Stage, pipe, and load history replication¶
This topic provides information about replication support for data pipeline objects and related metadata, including stages, storage integrations, pipes, and load history. You can replicate these objects to configure failover for ingest and ETL pipelines across regions and across cloud platforms.
Before you get started, we recommend that you have familiarity with Snowflake support for replication and failover/failback. For more information, see Introduction to replication and failover across multiple accounts.
Requirements¶
Important
If a database in a target account that you plan to use already contains stages and pipes, we recommend that you contact support before enabling replication.

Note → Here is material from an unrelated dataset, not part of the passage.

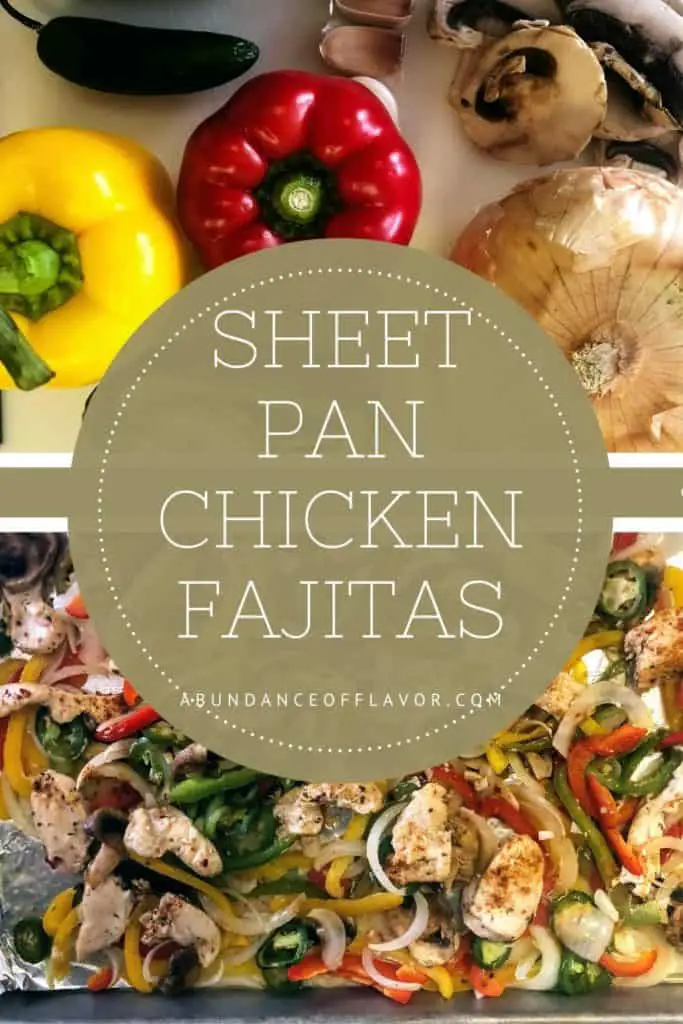 sheet pan chicken fajitas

When a replication or failover group in your source account includes that database, any pre-existing stages and pipes are dropped from the database.
To replicate any external stages that use a storage integration, you must configure your replication or failover group to replicate
STORAGE INTEGRATIONS
. Otherwise, external stages are replicated without the associated storage integration.

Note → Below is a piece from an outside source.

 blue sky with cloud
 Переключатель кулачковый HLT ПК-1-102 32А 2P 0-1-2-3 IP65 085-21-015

You can use an ALTER REPLICATION GROUP or ALTER FAILOVER GROUP statement to modify these properties for an existing group.
If you add INTEGRATIONS
to the OBJECT_TYPES
list in your ALTER statement,
include any other existing objects in the list to avoid dropping those objects in the target account.

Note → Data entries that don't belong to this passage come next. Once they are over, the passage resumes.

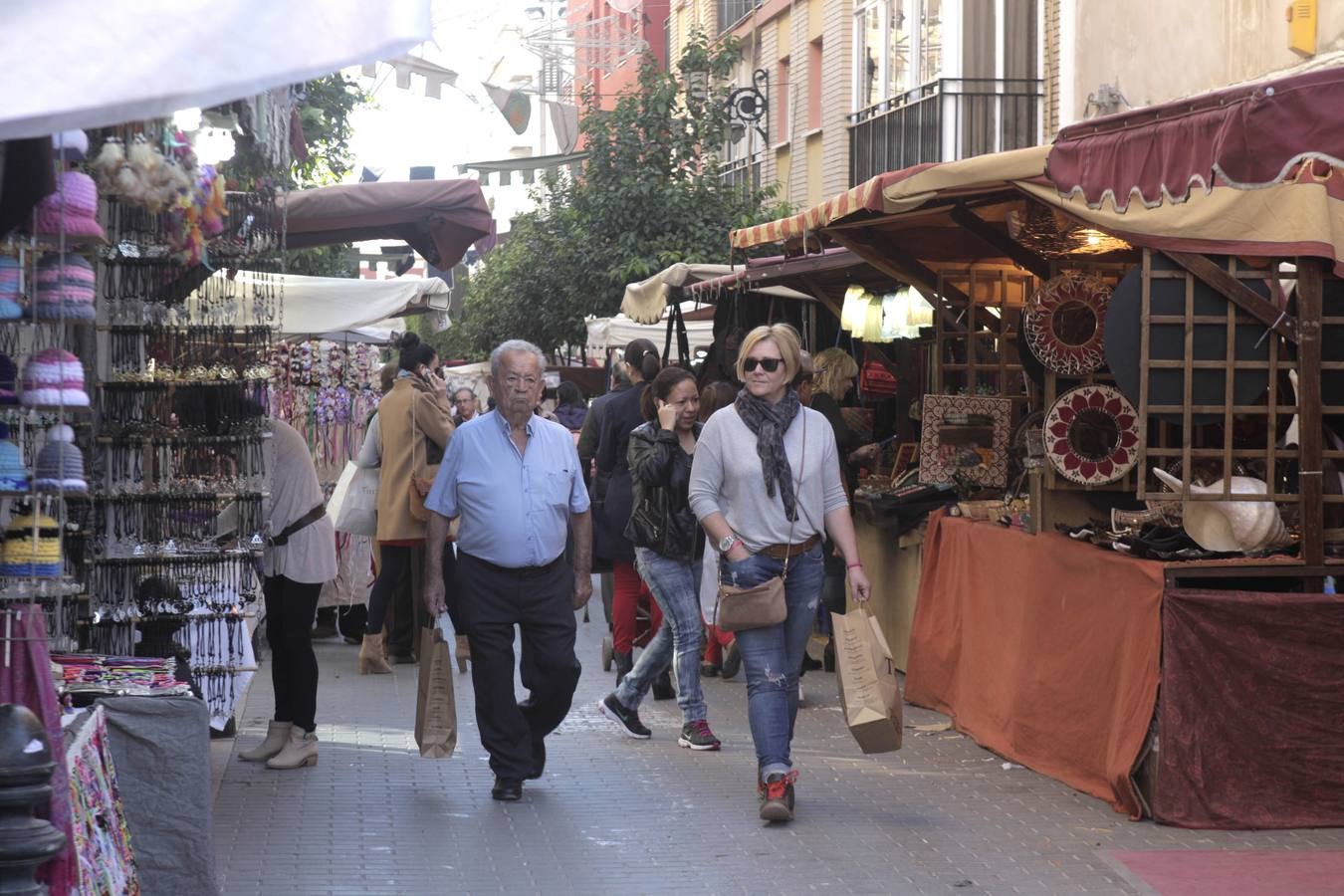 Artesanía en las fiestas de San Clemente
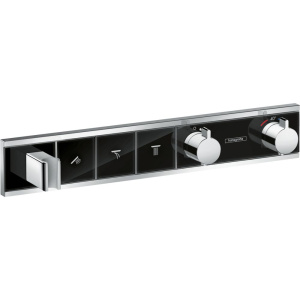 Термостатический смеситель Hansgrohe RainSelect 15356600 для душа, черный - хром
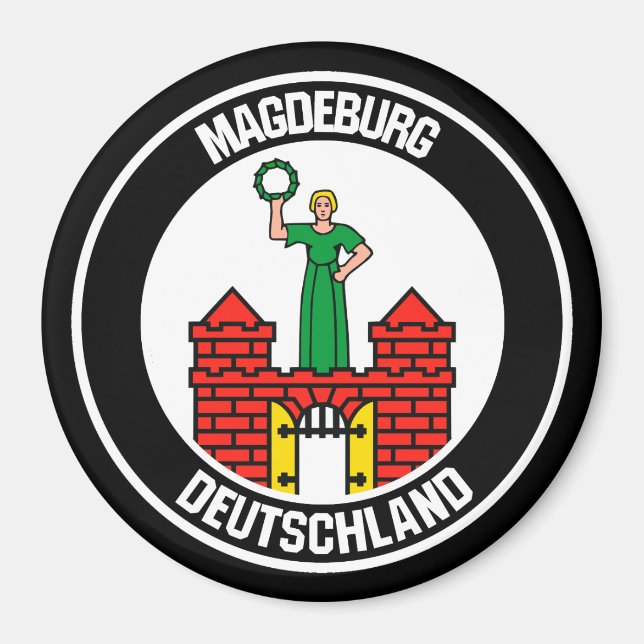 Imán Magdeburg Round Emblem (Frente)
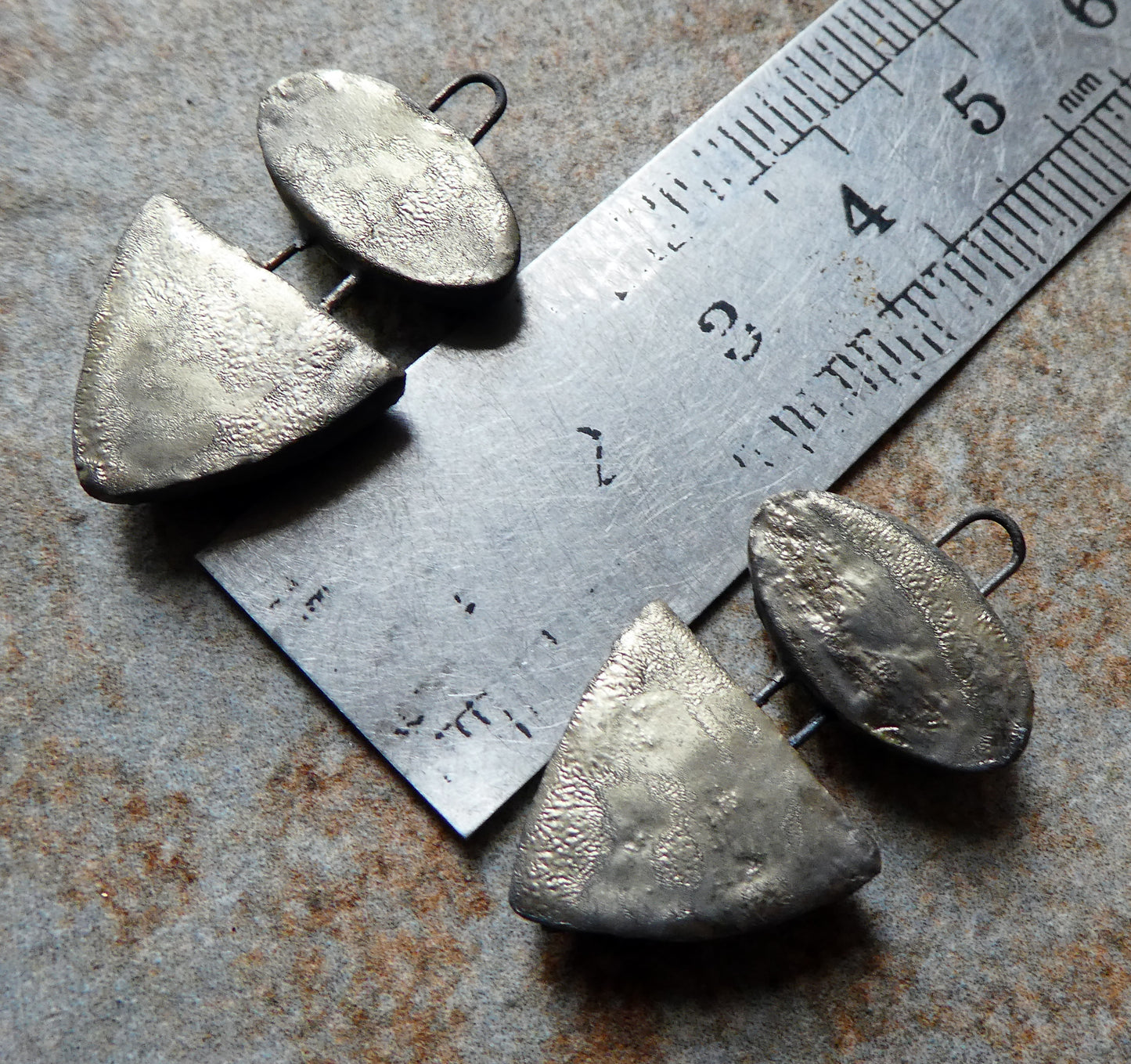 Ceramic Moulded Mixed Shape Charms - Red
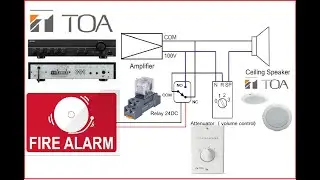 Wiring Attenuator Ke Fire Alarm Sistem || Posisi OFF Tetap Bunyi Ketika Ada Peringatan /Announcement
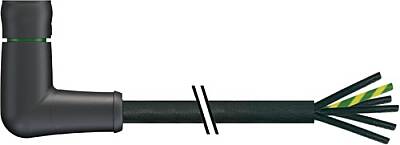 7000-P8131-P640750 MQ15 female 90° with cable 600V AC type 3 PUR 6x1.5 bk UL/CSA+drag ch. 7,5m - 1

The same applies if you add STORAGE INTEGRATIONS
to the ALLOWED_INTEGRATION_TYPES
list.
For example:
ALTER FAILOVER GROUP my_failover_group SET
OBJECT_TYPES = ROLES, INTEGRATIONS
ALLOWED_INTEGRATION_TYPES = API INTEGRATIONS, STORAGE INTEGRATIONS;
Note
Your cloud storage provider might limit replication of data pipeline objects between commercial and government cloud regions. To avoid government cloud data replication limitations, configure your failover resources in any region accessible to your government cloud region. For more information about government cloud limitations, review your cloud storage provider’s documentation.
Replication and stages¶
This section describes the current level of replication functionality that Snowflake supports for different types of stages.
Replication of internal stages¶
The following table describes how replication works for each type of internal stage.
Type |
Description of Replication Support |
---|---|
Table stage |
Empty table stages are created for tables in a replicated database. Files on table stages are not replicated. |
User stage |
User and user stage replication requires Business Critical Edition (or higher). Empty user stages are created for replicated users. Files on user stages are not replicated. |
Named stage |
Named internal stages are replicated when you replicate a database. The stage must have a directory table enabled on it in order to replicate the files on the stage. |
Replication of external stages¶
Note
Snowflake does not replicate files on an external stage. The cloud storage URL points to the same location for external stages in primary and secondary databases.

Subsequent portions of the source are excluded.